A polícia de São Paulo é a maior do país, integrada por aproximadamente 130 mil homens, divididos entre a Polícia Militar (100 mil) e a Polícia Civil (30 mil). É bem aparelhada e dotada de meios materiais suficientes para uma atuação eficiente, apesar da defasagem salarial e de pessoal registrada nos últimos anos. Não se pode esquecer o reforço verificado pelo incremento das polícias municipais.
Em primeiro lugar, é preciso salientar que ações como a ocorrida em Araçatuba são planejadas por grupos especializados ligados a facções criminosas que normalmente disponibilizam as armas de fogo em regime de locação. Esses grupos compostos por grande número de integrantes certamente planejam suas ações considerando o sistema de segurança disponível na região, rotas de fuga, volume de recursos em dinheiro envolvido, comunicação, dentre outros. Daí a preferência por cidades situadas no interior, longe dos grandes centros.
Além do aparato ostensivo de segurança para o combate eficaz a crimes dessa natureza, é essencial o trabalho profundo de investigação, como ocorreu no passado com crimes de sequestro. Aí reside o grande problema da segurança pública no estado de São Paulo.

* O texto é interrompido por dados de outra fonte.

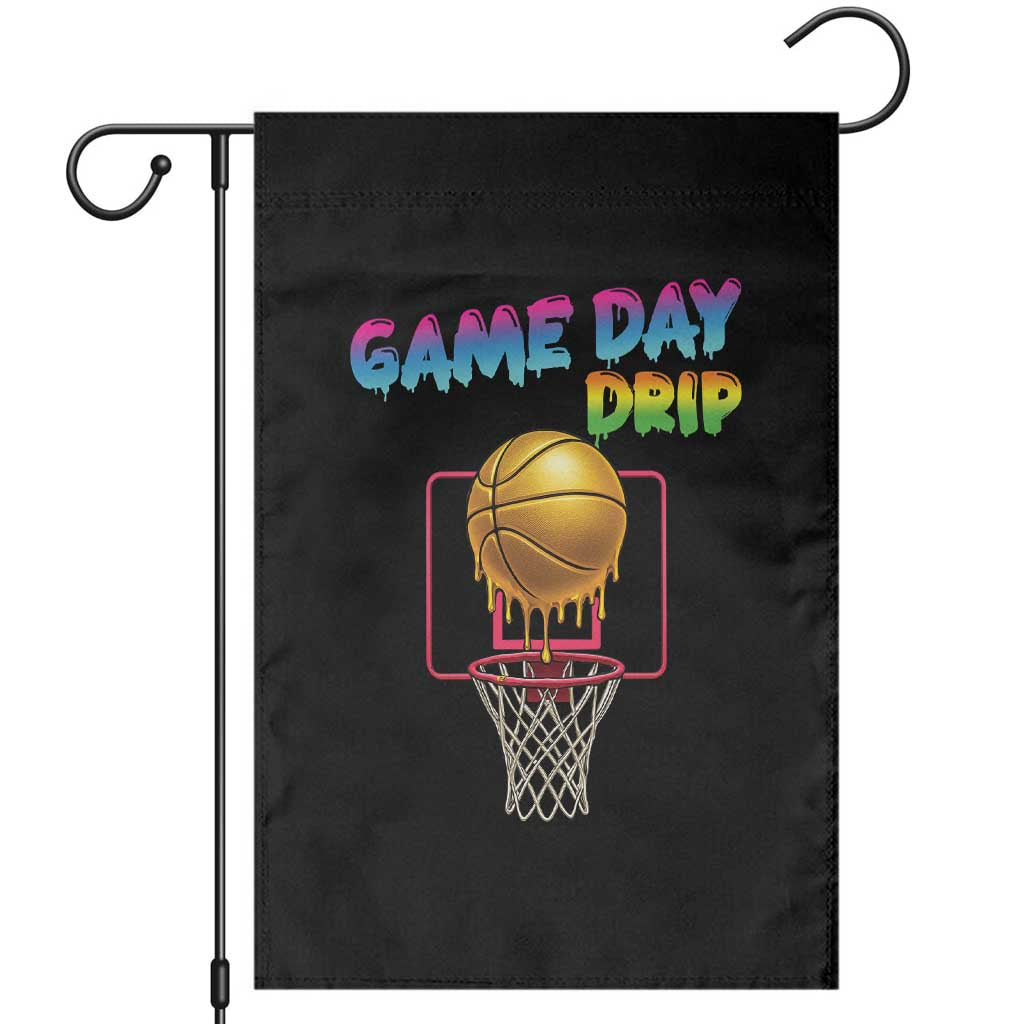 Game Day Drip Garden Flag Funny Basketball Lover Street Style Design - Wonder Print Shop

Com efeito, ao longo dos anos a Polícia Civil de São Paulo, responsável pela investigação criminal, vem sofrendo um processo de desmonte contínuo, representado por falhas graves em sua estrutura organizacional, seleção e formação de pessoal, defasagem salarial, ausência de plano de carreira moderno, estrutura burocrática disfuncional e distante do interesse público, desenvolvimento de atividades divorciadas dos objetivos essenciais da instituição.
Nos anos 1990 foram criadas unidades policiais em todo o estado sem o planejamento necessário e estrutura de pessoal, dividindo os parcos recursos disponíveis, numa ação que, em meu entendimento, enfraqueceu sobremaneira a instituição e, por consequência, a investigação criminal. Até hoje o problema, embora detectado, não foi resolvido. Enquanto isso, o crime se reorganizou.
Por outro lado, a Polícia Militar padece de problemas crônicos que remontam sua natureza militar, o que dificulta o diálogo e aproximação com uma população carente e desigual como na sociedade brasileira.
Por fim, vale salientar a dificuldade de integrar as polícias paulistas a fim de racionalizar os trabalhos, evitando duplicidade de procedimentos e invasões de competências, reduzindo custos e despesas desnecessárias com prédios, equipamentos e cursos de formação. As tentativas nesse sentido restaram infrutíferas. Apenas se agravaram com o empoderamento verificado nas polícias militares de todo o país, que tiveram um crescimento exponencial de modo a invadir áreas específicas das polícias civis, gerando conflitos inaceitáveis e demonstrativos da fragilidade do sistema.
Nesse contexto florescem crimes graves e violentos que atemorizam a população. A insegurança instala no íntimo das pessoas. Urge modificações profundas e inadiáveis. Eis o desafio que se impõe.